Required action: From the listing below, output only the lines starting at the line that has "Charmed-Online_dot_net-2x01WitchTrial2212.jpg" and ending at the line that has "Stampa fotografica in", exactly as they appear, ends included.

Available data:
_ _ _ _ _
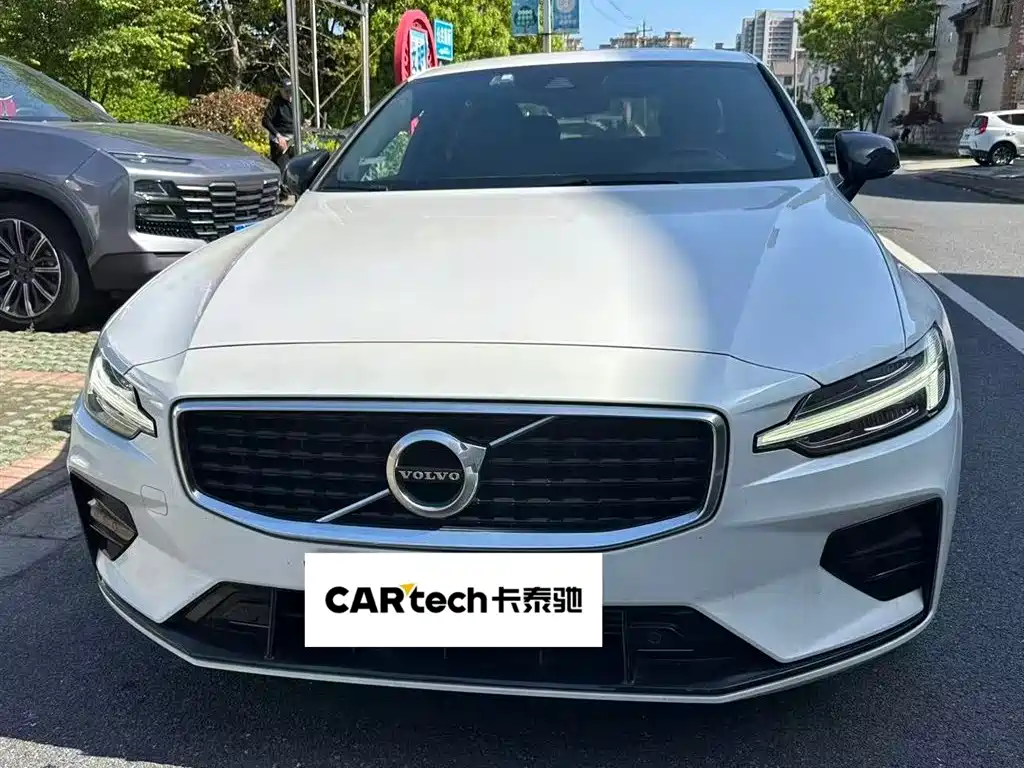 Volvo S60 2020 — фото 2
_ _ _ _ _
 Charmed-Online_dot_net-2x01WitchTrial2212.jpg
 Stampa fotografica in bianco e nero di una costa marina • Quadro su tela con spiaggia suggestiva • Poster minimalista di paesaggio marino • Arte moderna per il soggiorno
_ _ _ _ _
Solved problem:
 Charmed-Online_dot_net-2x01WitchTrial2212.jpg
 Stampa fotografica in bianco e nero di una costa marina • Quadro su tela con spiaggia suggestiva • Poster minimalista di paesaggio marino • Arte moderna per il soggiorno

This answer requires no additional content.